Public helps scientists scout species
Public involvement in recording observations is growing increasingly popular round the world. Members of the general public in Norway have to date made an impressive 10.7 million registrations.
Volunteers up and down the length of Norway post 5,000 fresh nature observations per day on the website artsobservasjoner.no. There are currently 8,500 people who help keep tabs on the country’s wealth of plant and animal species.
This enormous amount of data on Norwegian nature is used by government officials as well as researchers.
Third largest in the world
Thanks to artsobservasjoner.no little Norway has become the third most active country in the world with this type of data on biodiversity, out-performed only by Sweden’s Artportalen and the American eBird.
Norwegian nature enthusiasts have thus become part of the international phenomenon known as citizen science.
Ivar Myklebust, the director of the Norwegian Biodiversity Information Centre (Artsdatabanken), says such public involvement in recording observations is growing increasingly popular round the world.
“This is becoming more common and better recognised globally, especially in astronomy and biology.”
Quality control in reverse
Nils Valland, a senior advisor at Artsdatabanken says the Norwegian and Swedish species databases are special because all observations are made accessible immediately on the internet.
This is contrary to traditional ways of collecting scientific data, where observations are assiduously quality-controlled prior to publication. The Swedish and Norwegian version used by these websites involves implementing quality control afterwards.
Many are involved in that process too. As soon as a picture or an observation is registered on the website, it can be commented by anyone who has logged on.
Artsdatabanken views the scheme as a recipe for success in helping amateur information find the quickest path to those who have use for the knowledge.
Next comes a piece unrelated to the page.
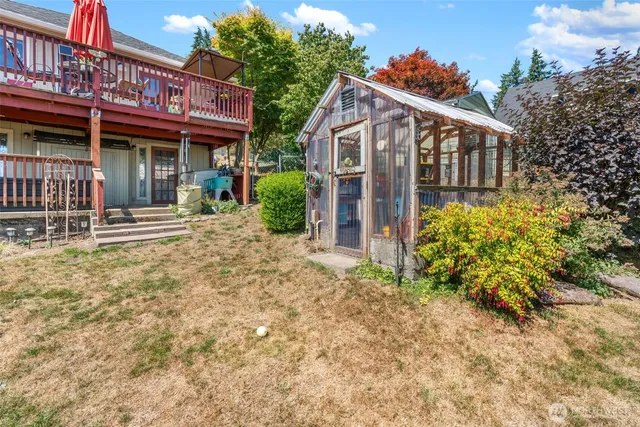 a view of a house with brick walls plants and large tree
Sources of knowledge which used to be hard to tap, or entirely closed, are now open to anyone who is interested.
Nils Valland says that many of those who report their observations have higher educations. They are often teachers or bureaucrats in the public sector. But many of these observers have no formal education in biology. They are self-taught or they might have some link to professional circles where practical instruction is given in determining species.
“They are called amateurs, but when it comes to some categories such as birds, they can be fully on a par with ornithologists in identifying species,” reveals Valland.
All reports to artsobservasjoner.no are made openly by full name. These contributors own the right to their own observations.
Nils Valland thinks the quality of this data is generally good. In addition to the efficient sort of self-justice represented by commentators on the web, a number of professional experts from biology organisations ensure quality controls of findings of red-listed species.
Norway currently has 4,500 species that are red-listed. About 2,500 are considered to be severely in danger of extinction.
Artsobservasjoner.no is run by Artsdatabanken in collaboration with an umbrella organisation called the Norwegian Biodiversity Network (SABIMA).